Os analistas da Bernstein estão recomendando novamente que investidores comprem BYD, repetindo sua classificação de desempenho acima da média para a ação e dizendo que o mercado está ignorando o verdadeiro valor da empresa: seu negócio de baterias.
A Bernstein afirmou que a BYD parece subvalorizada, especialmente considerando o quanto seu setor de baterias se fortaleceu. “Em meio às pressões atuais no mercado de veículos elétricos chinês, a avaliação da BYD parece comprimida e negligencia o valor e o potencial de crescimento embutidos nos ativos de baterias da BYD”, escreveu a Bernstein em sua última nota.
Segundo eles, esse segmento sozinho pode valer quase o mesmo que o valor de mercado total da empresa.

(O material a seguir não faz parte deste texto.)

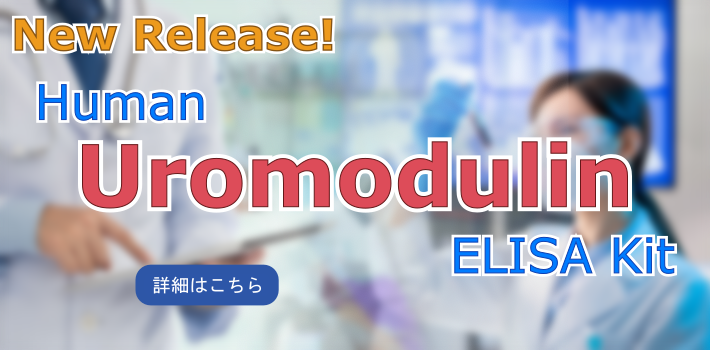 Human Uromodulin ELISA Kit 新発売！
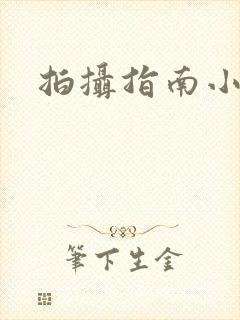 拍摄指南小说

A BYD começou como uma empresa de baterias, fabricando baterias para celulares nos anos 1990, mas após entrar no setor de veículos elétricos, lançou sua bateria “Blade” em 2020, começando com o Han, um elegante sedã elétrico. Essa tecnologia de bateria ajudou a BYD a ultrapassar a Tesla em vendas totais de veículos elétricos no ano passado.
Agora, o sistema mais recente de armazenamento de energia baseado na Blade da empresa (chamado Haohan) está novamente em destaque. A Bernstein afirmou que ele é mais barato de fabricar do que outras opções de armazenamento de nível utilitário.

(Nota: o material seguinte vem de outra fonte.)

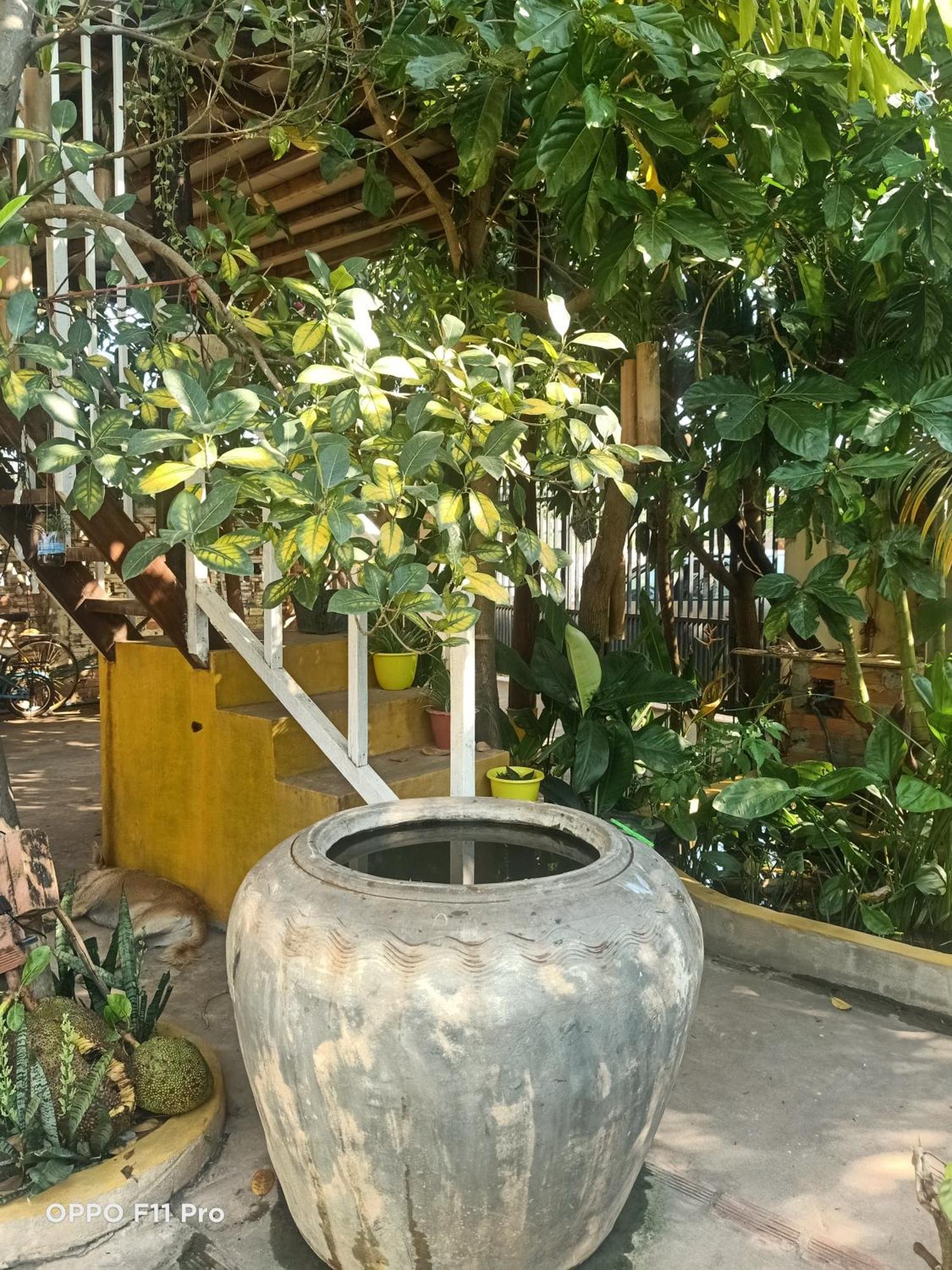 Homestay Yellow Natural House Сием Реап Екстериор снимка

Baterias da BYD atraem Ford, Xiaomi e XPeng
O relatório apontou que a BYD enviou 47% mais baterias em 2023 do que no ano anterior. Neste ano, espera-se que os envios cresçam mais 35%.
Mais da metade dessas baterias permaneceram internamente, sendo utilizadas nos próprios veículos da empresa. Isso gera economia e permite maior controle sobre a produção.
O restante foi destinado a empresas como Xiaomi, XPeng e Toyota. A Bernstein detalhou ainda mais: Xiaomi e XPeng representaram cada uma 25% das entregas externas de baterias da BYD.
E tem mais. Segundo o Wall Street Journal, a Ford está atualmente em negociações com a BYD para fornecer baterias para futuros veículos híbridos. A BYD não confirmou. “Conversamos com muitas empresas sobre diversos assuntos. Não comentamos rumores e especulações sobre nossos negócios”, teria dito um porta-voz da Ford ao ser questionado.
Mesmo assim, se a Ford avançar com isso, será uma grande marca dos EUA entrando na linha de fornecimento de baterias da BYD.
A Bernstein afirma que a BYD é a segunda maior fabricante de baterias do mundo, considerando instalações de baterias para veículos elétricos. Ela enviou 70% mais do que quem ficou em terceiro lugar. A empresa diz que a divisão de baterias sozinha pode valer US$ 110 bilhões, quase o mesmo que o valor de mercado atual da empresa, de cerca de US$ 115 bilhões. Isso é mais que o dobro do valor de mercado atual da Ford, de US$ 55 bilhões, aliás.
A receita proveniente da venda de baterias para clientes externos foi superior a 10% no ano passado, e a Bernstein acredita que isso pode chegar à casa dos 15% em 2024.
No setor automotivo, a empresa prevê crescimento doméstico de 10% para a BYD, ou 5,4 milhões de unidades, e crescimento de 4,4% nas exportações, atingindo 1,5 milhão. O mercado automotivo total da China, segundo a associação nacional do setor, deve crescer apenas 1%, enquanto os veículos de nova energia (que incluem totalmente elétricos e híbridos) devem subir 15,2%.
A Bernstein definiu um preço-alvo de 130 dólares de Hong Kong para a ação da BYD, ou cerca de US$ 16,67. Isso representa cerca de 30% a mais do que o fechamento da última sexta-feira. Os analistas esperam pelo menos 10 novos modelos da BYD este ano. Eles também projetam grandes movimentos vindos de “atualizações iminentes em veículos elétricos a bateria e tecnologia de baterias”.